The countdown has begun for aircraft operators and governments to prepare for the new carbon offsetting and reduction scheme for international aviation (CORSIA). That was the key message this week at the Global Aviation Summit in Geneva, Switzerland, to delegates meeting to further define the the program, according to the Air Transport Action Group (ATAG). Creation of the scheme was agreed by governments meeting at the ICAO General Assembly last October.
CORSIA has been designed to offset the growth in carbon dioxide emissions from international aviation after 2020. The first six years of the scheme will be voluntary for nations to join and then it will be mandatory “for all but the smallest aviation markets.” Michael Gill, ATAG executive director, said at the summit, “[Operators] included in CORSIA will need to offset their emissions from January 1, 2021, but the scheme comes into effect before then, with compliance needing to begin as early as one year from now.”

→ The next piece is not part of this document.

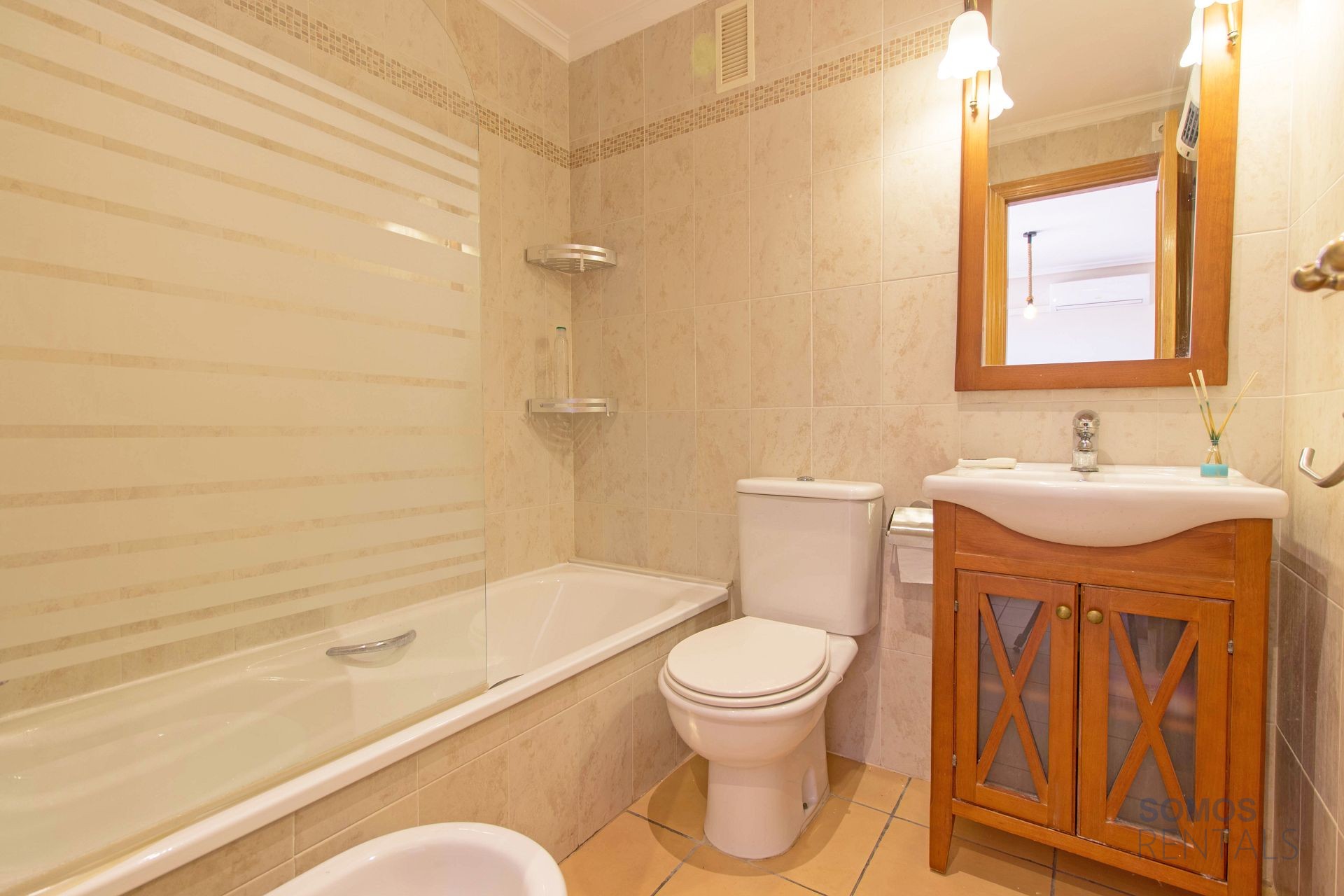 Apartamento Ronda, Santa Pola — photographie 16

“Not enough airlines and governments are aware that there are two parts of CORSIA: the monitoring of emissions, and the offsetting,” he warned. “All [operators] that fly international routes will need to start monitoring and reporting their fuel use to governments from 2019, with very few exceptions. This applies whether their government has signed up to volunteer for the CORSIA or not.”
ATAG is working with the International Air Transport Association (IATA), International Business Aviation Council (IBAC) and regional associations to raise awareness. The “Countdown to CORSIA” campaign will hold workshops and prepare training toolkits for aircraft operators that need to comply. ATAG is organizing regional workshops in January and February 2018 supported by IBAC in Shanghai, Amman, Johannesburg, Miami, Singapore, Accra, Buenos Aires and Geneva.
“We are very pleased to see 72 states now volunteering to join CORSIA from the beginning,” said Gill. “This means over 80 percent of the growth in aviation CO2 after 2020 will be offset. We repeat our call to all other governments to volunteer,” concluded Gill. “Let’s try to get as many of the 191 ICAO member states on board as possible.”